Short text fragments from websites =
# # # # #
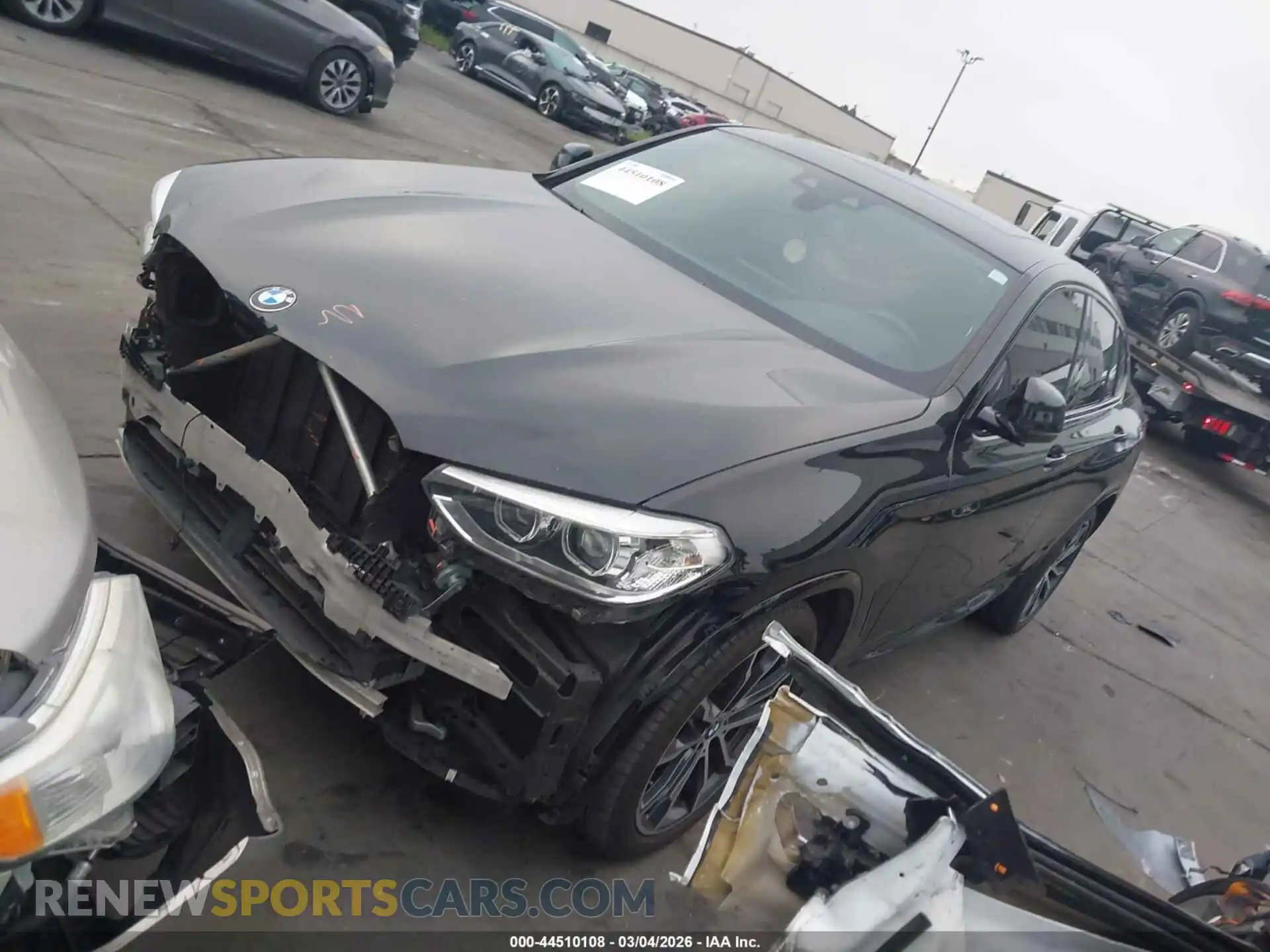 2 Photograph of a damaged car 5UX2V1C02M9F11501 BMW X4 2021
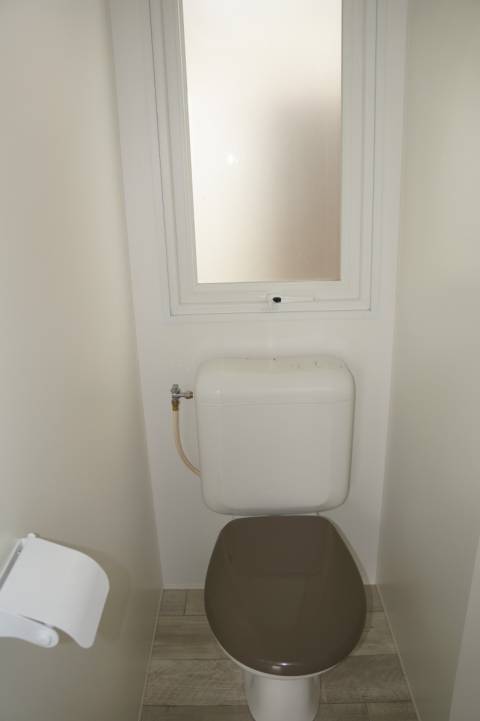 Toilette mobil-home IRM Super Mercure Riviera 2017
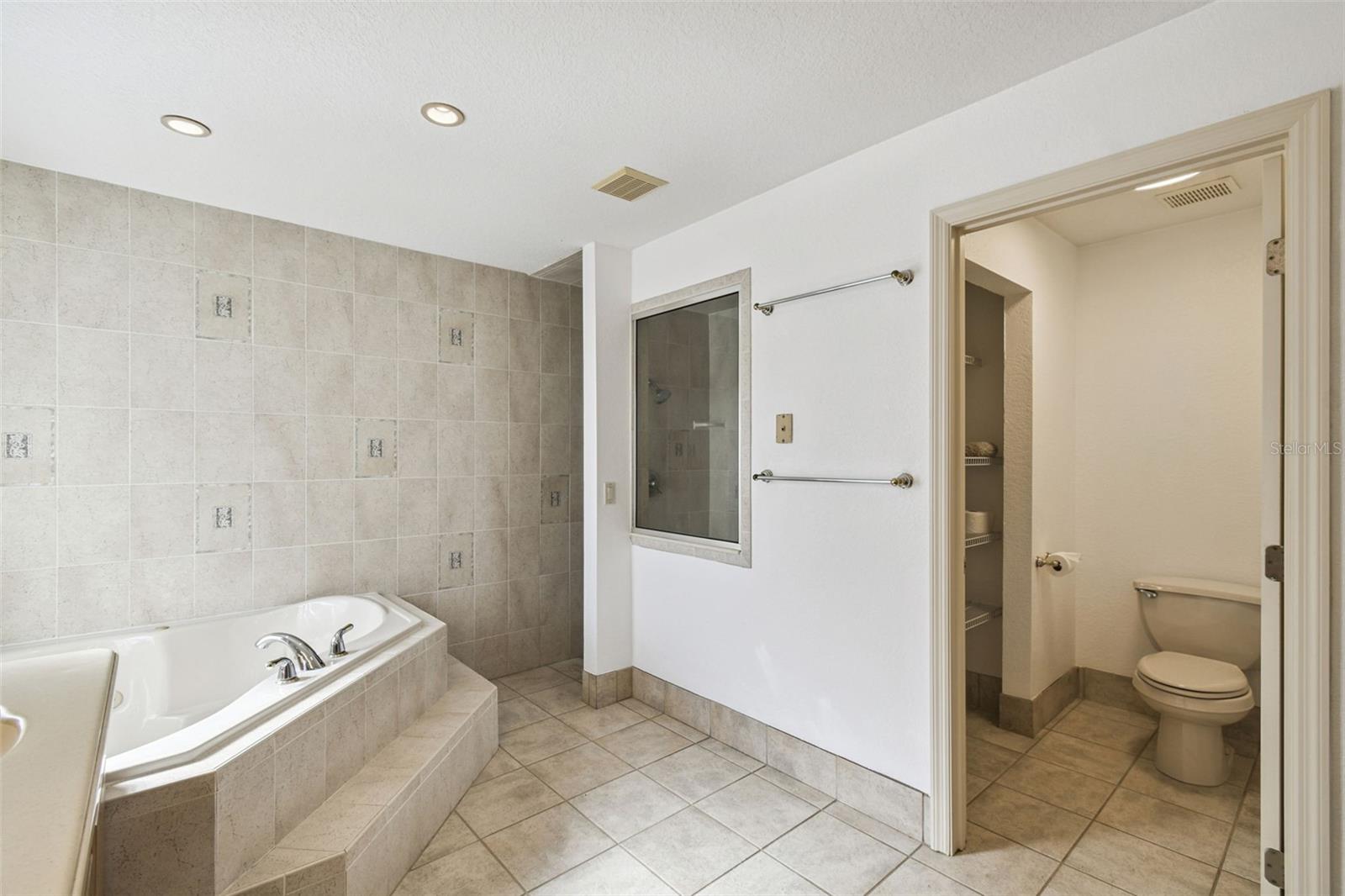 Image 24 of 52 For 520 Pinner Court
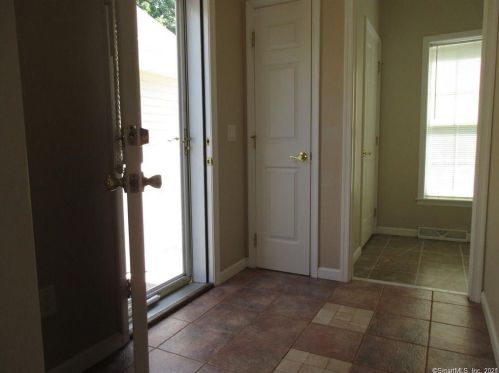 33 Crescent Ave, Niantic CT  06357-3033 exterior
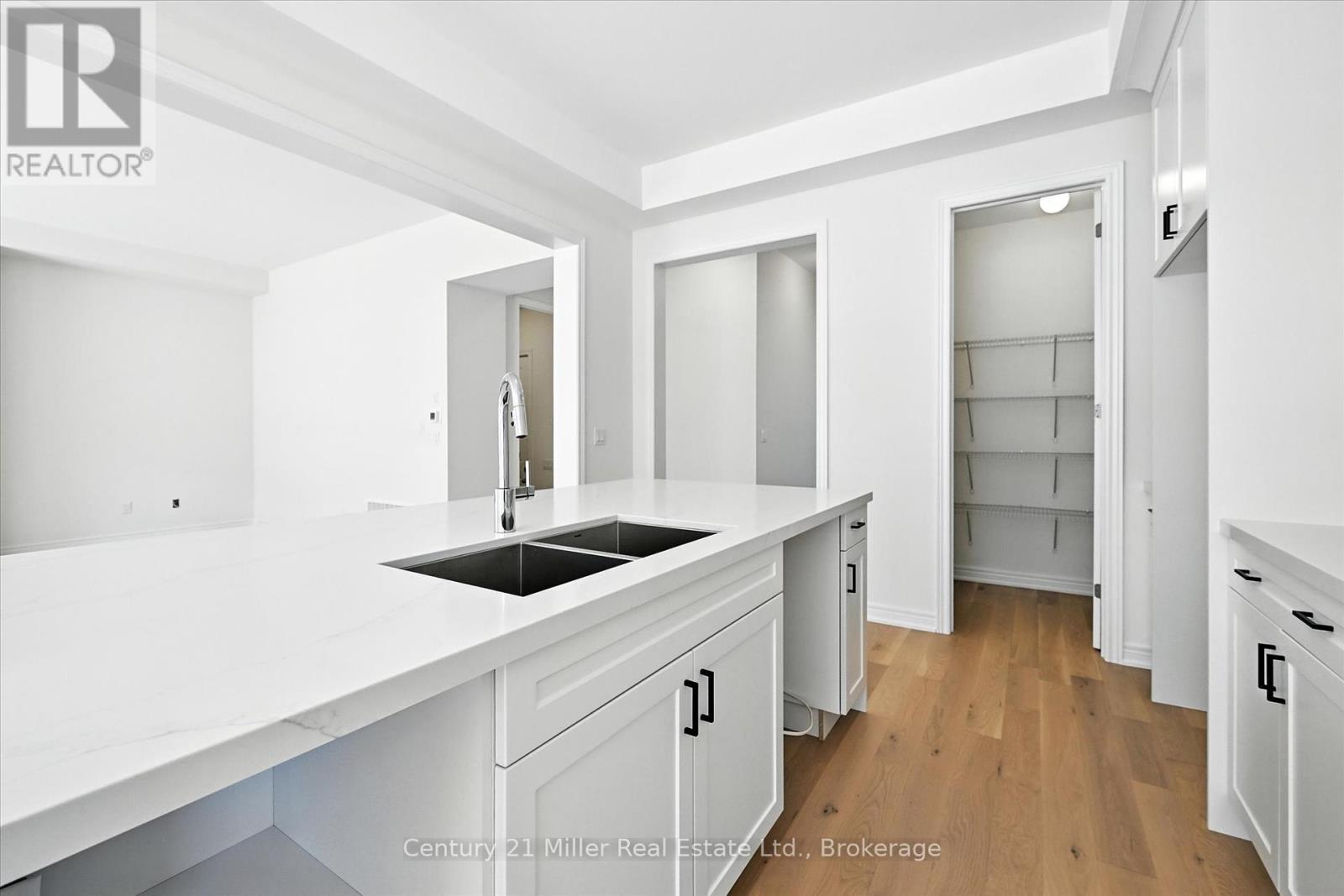 3250 Millicent Avenue, Oakville (Go Glenorchy), ON - Indoor Photo Showing Kitchen With Double Sink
# # # # #
Assignment =
Give back every record above word for word; the pictures have no place in it.

Exercise solution =
 2 Photograph of a damaged car 5UX2V1C02M9F11501 BMW X4 2021
 Toilette mobil-home IRM Super Mercure Riviera 2017
 Image 24 of 52 For 520 Pinner Court
 33 Crescent Ave, Niantic CT  06357-3033 exterior
 3250 Millicent Avenue, Oakville (Go Glenorchy), ON - Indoor Photo Showing Kitchen With Double Sink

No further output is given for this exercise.